Race and Classical Reception in the Colonial Americas
Introduction
With a general understanding of classical reception and a historical understanding of classicism in the colonial and early United States, it is time to begin exploring the intersections of race and classics in these moments. The following books and articles offer ideas and techniques about how to begin exploring this intersection.
Reading Recommendations
Moyer, Ian S., Adam Lecznar, and Heidi Morse, eds. Classicisms in the Black Atlantic / Ian Moyer, Adam Lecznar, and Heidi Morse. First edition. Oxford: Oxford University Press, 2020.
Classicism in the Black Atlantic presents a series of studies on literary, artistic, and political uses of classical antiquity in modern constructions of race, nation, and identity in the Black Atlantic. Indeed, the volume explores how black authors and artists in the Atlantic world have shaped and reshaped the cultural legacies of classical antiquity from the aftermath of slavery to the modern world. All essays share the goal of examining the past and present intersections of classicisms, race, gender, and social status.
Malamud, Margaret. African Americans and the Classics : Antiquity, Abolition and Activism / Margaret Malamud. London: I.B. Tauris, 2016.
Malamud’s African Americans and the Classics is one of the leading texts in the field of “Classica Africana,” the study of classical receptions with African American thought and literature. However, much of that literature is concentrated on the 20th century. Malamud, however, finds a new way to explore this scholarly area of interest by going back into history (namely the very end of the 18th century and the entirety of the 19th century). In doing so, Malamud explores the uses and abuses of the models provided by classical antiquity in the antebellum era. Malamud’s text offers important insight into the intersection of race and reception studies in earlier periods of American history, yet there are still more connections to be made in even earlier chapters of American and transatlantic history.
Slauter, Eric. “Neoclassical Culture in a Society with Slaves: Race and Rights in the Age of Wheatley.” Early American Studies 2, no. 1 (2004): 81–122. http://www.jstor.org/stable/23546504.

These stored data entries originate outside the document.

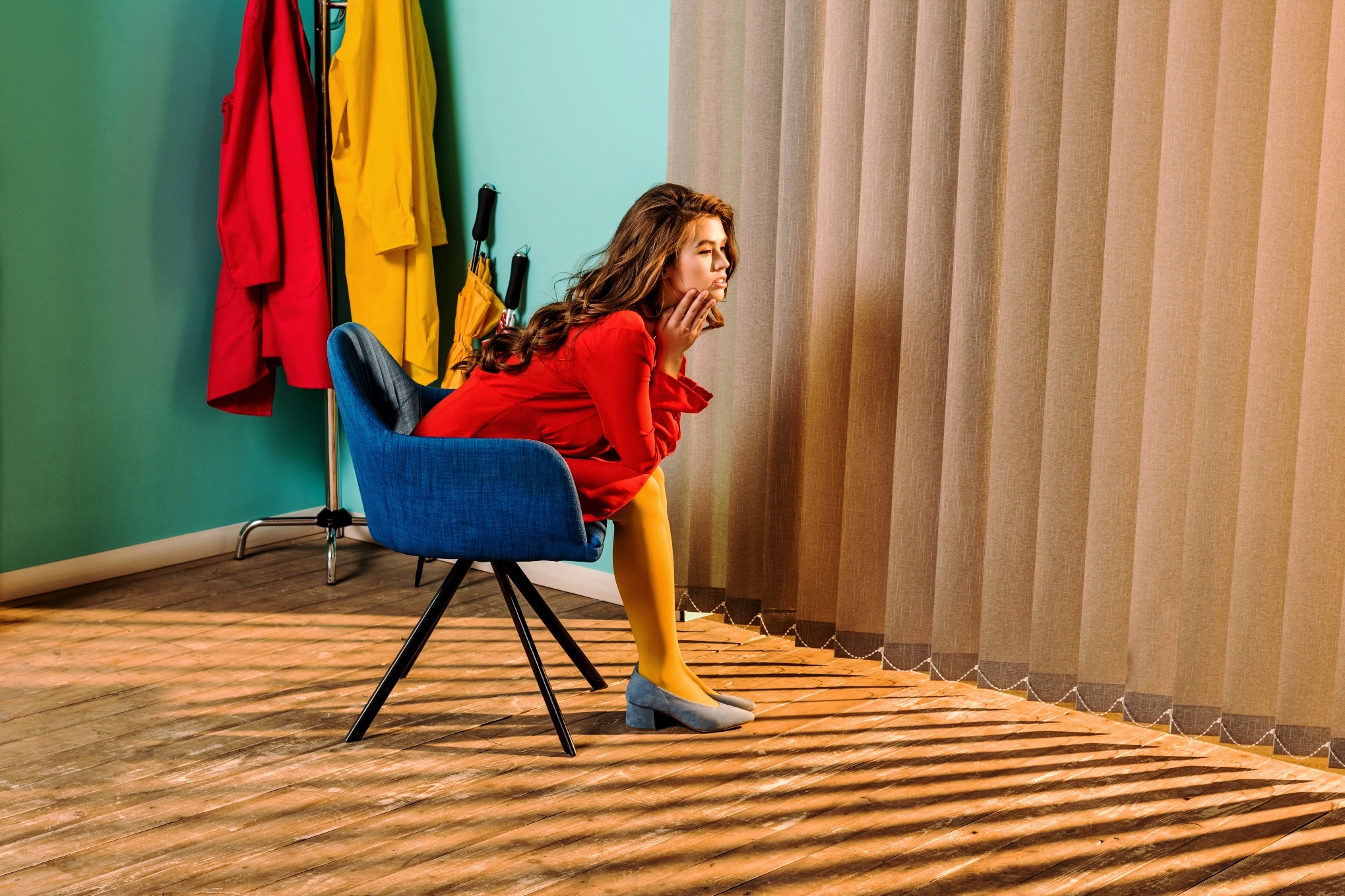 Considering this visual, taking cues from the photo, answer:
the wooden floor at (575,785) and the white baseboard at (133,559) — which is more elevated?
the white baseboard at (133,559)

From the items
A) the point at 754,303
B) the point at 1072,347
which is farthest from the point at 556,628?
the point at 1072,347

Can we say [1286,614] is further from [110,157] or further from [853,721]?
[110,157]

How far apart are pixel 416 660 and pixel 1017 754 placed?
3.87ft

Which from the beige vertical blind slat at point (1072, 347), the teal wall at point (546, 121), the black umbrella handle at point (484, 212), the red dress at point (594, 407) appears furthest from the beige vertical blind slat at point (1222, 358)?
the black umbrella handle at point (484, 212)

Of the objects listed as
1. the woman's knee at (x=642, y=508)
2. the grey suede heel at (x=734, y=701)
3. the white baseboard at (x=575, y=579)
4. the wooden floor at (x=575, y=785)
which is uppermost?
the woman's knee at (x=642, y=508)

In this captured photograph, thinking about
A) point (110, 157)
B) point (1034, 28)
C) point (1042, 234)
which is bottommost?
point (1042, 234)

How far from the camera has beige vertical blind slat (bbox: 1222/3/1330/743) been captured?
1.80 m

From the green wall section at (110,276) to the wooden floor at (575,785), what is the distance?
454mm

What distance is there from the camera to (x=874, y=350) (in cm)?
228

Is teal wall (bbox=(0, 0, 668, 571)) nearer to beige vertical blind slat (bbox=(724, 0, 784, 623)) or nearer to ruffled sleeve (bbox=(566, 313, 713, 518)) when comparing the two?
beige vertical blind slat (bbox=(724, 0, 784, 623))

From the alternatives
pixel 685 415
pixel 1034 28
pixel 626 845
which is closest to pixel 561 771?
pixel 626 845

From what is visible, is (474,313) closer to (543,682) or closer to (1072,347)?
(543,682)

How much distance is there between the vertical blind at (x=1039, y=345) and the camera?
185cm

Slauter’s article attempts to place the conflations of mental and political equality at work in debates about race and rights in the context of aesthetic disputes over neoclassicism. It further considers the neoclassical poetry of Phillis Wheatley (a black, enslaved woman writing in Boston) in relation to the contests of her black and white contemporaries over natural rights. While these two conversations may seem separate from one another, cultural discussions around the topic of neoclassicism shared with political debates of the Revolution a common metaphorical language of slavery. Indeed, Slauter posits that an emerging cultural revolution against neoclassicism transformed the meaning of mental activity at the same moment the political revolutions against the British placed mental activity at the center of what it meant to be a “rights-bearing individual” (83). This article begins to think not only about how black persons in America interacted with the classics, but also how white Americans could use the classics as an exclusionary means.